"Being intrusted by the President with a Special Confidential Mission to Central America, on Wednesday the third of October, 1839, I embarked on board the British brig Mary Ann, Hampton, master, for the Bay of Honduras."
This week I not only discovered that I could add John Lloyd Stephens (1805-52) as a Facebook friend, but also that his Incidents of Travel in Central America, Chiapas, and Yucatan has been serialised as an online journal, starting with his arrival in 'Balize' in the autumn of 1839.
Anyone with the most minimal interest in this region ought to at least take a peak at the four volumes comprising Stephens's account of his two expeditions to Central America, each time accompanied by the British architect and artist Frederick Catherwood.
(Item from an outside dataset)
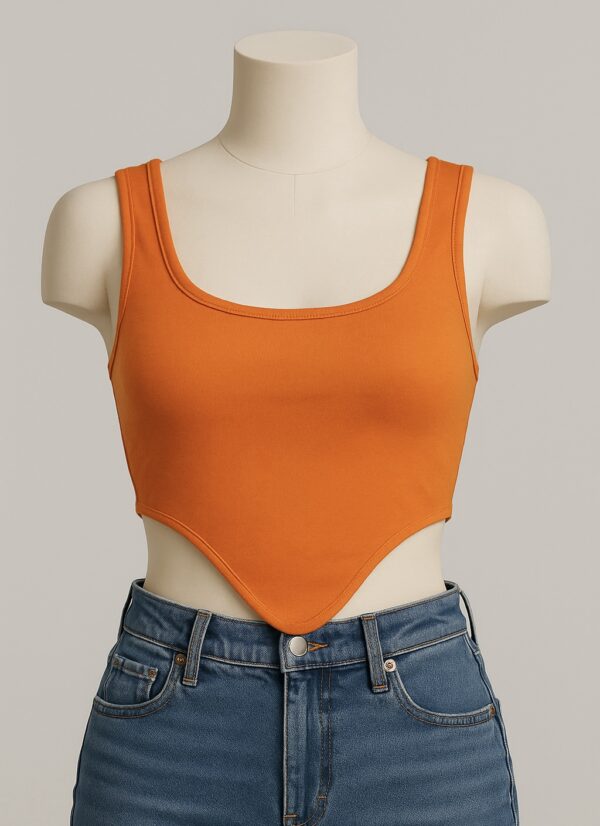 Crop top orange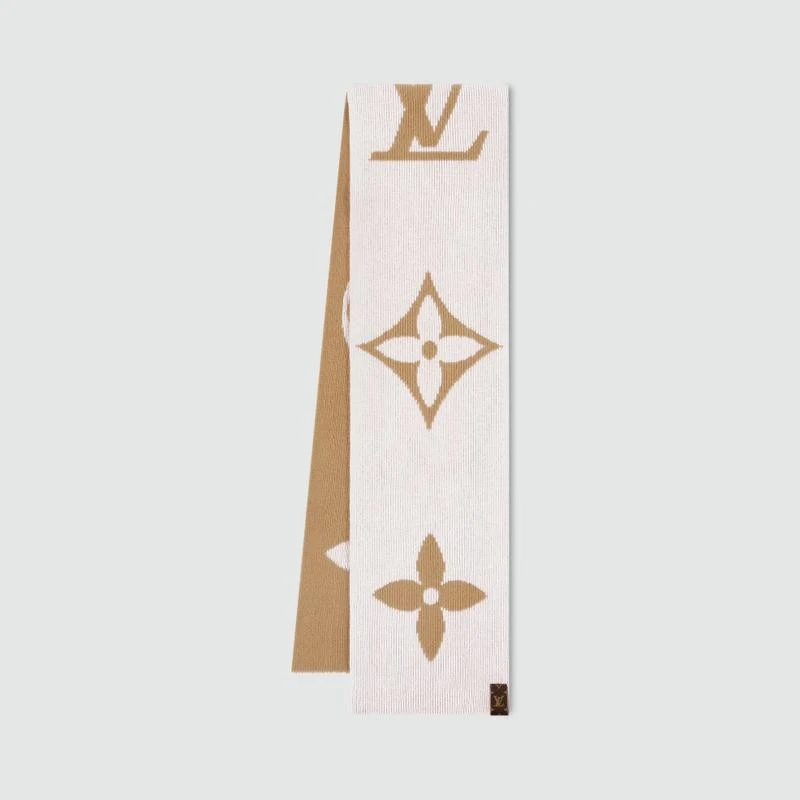 商品Louis Vuitton|【预售3-7天】LV/路易威登 女士褐色/米色羊毛围巾,价格¥5631,第4张图片详细描述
I discovered these two wonderfully urbane gents at univesity and have periodically returned to the Incidents for a spot of vicarious adventure.
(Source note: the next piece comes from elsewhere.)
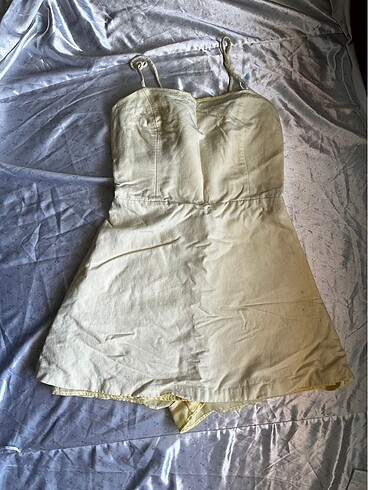 ZARA BUTTER YELLOW İÇİ ŞORTLU ELBİSE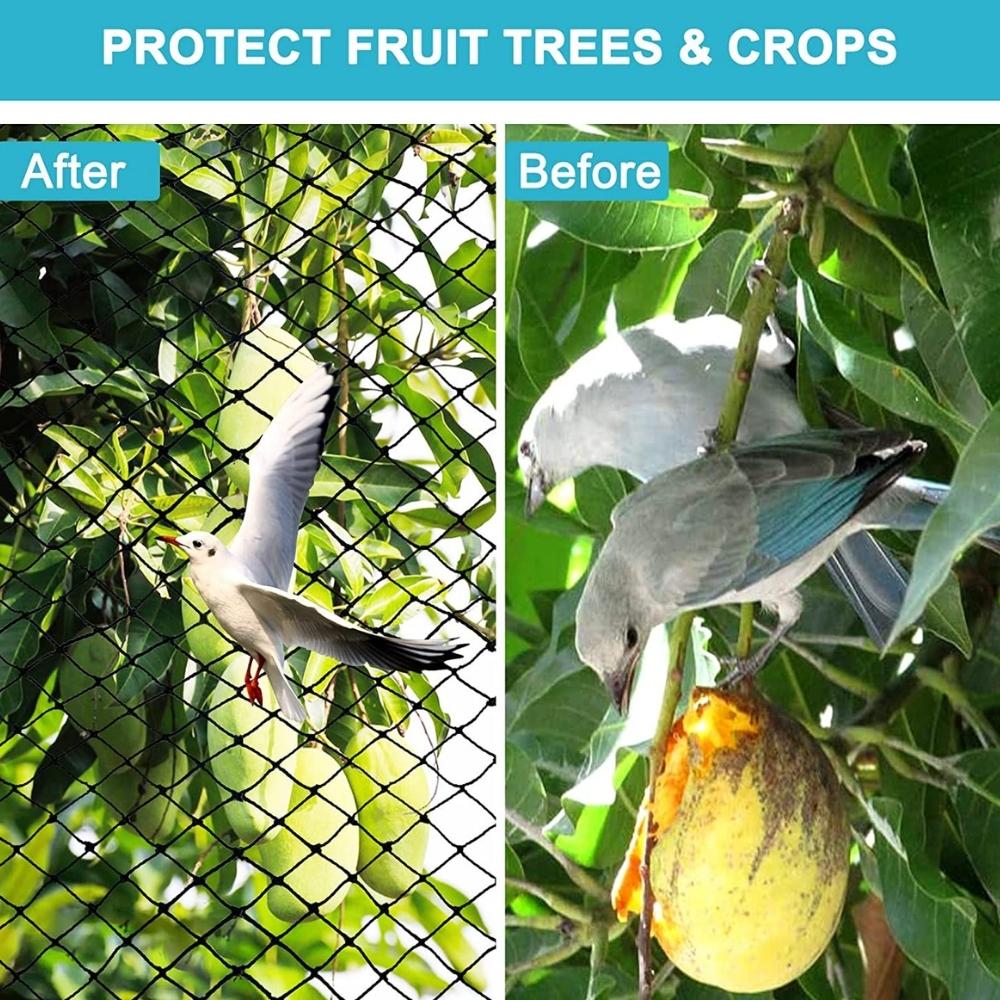 Bird Netting Mesh | Tree Garden Net | Reusable Protective Garden Netting, 5 m x 10 m: image 4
The original expedition might have kick-started the modern profession of Mayanism, but its original fact-finding intent was not explicitly archaeological, for the secret and confidential nature of the mission had more to do with finding out on behalf of the US Government who exactly might be in charge of its equivalent down here. As Stephens explains...
"Three great parties at that time distracted Central America: that of Morazan, the former president of the Republic, in San Salvador, of Ferrera, in Honduras, and of Carrera in Guatemala..then regarded as the head of a troop of banditti, a robber and an assassin; his followers were called the Cachurecos (meaning false coin)."
Stephens and Catherwood would soon be trying what the Canonigo Castillo in Guatemala "called the 'national dish', fregoles, or black beans fried, which fortunately for our subsequent travels, we 'cottoned' to at once." Don't we all?
Another familiar impression was the one Stephens formed on the state of Guatemala's most important highways. I've quoted this before, but it can bear a reprise:
"This is the great high road to the city of Guatemala, which has always been a place of distinction in Spanish America. Almost all the travel and merchandise from Europe passes over it; and our guide said that the reason it was so bad was because it was traversed by so many mules. In some countries this would be a reason for making it better; but it was pleasant to find that the people to whom I was accredited were relieved from one of the sources of contention at home, and did not trouble themselves with the complicated questions attendant upon internal improvements."
Welcome to Guateliving, as someone used to say!
Anyway, tomorrow we'll yank the pair back to the harbour of Belize City, where their adventure began, and where Stephens had to come to terms with the first great marvel of the isthmus, that tiny metropolis's fairly advanced state of racial integration.
1 comment:
I did a good bit of the old Royal Road last time down. Much of it was still very rough, an average of 10 miles an hour was not uncommon but the country was outstanding. Well worth the effort.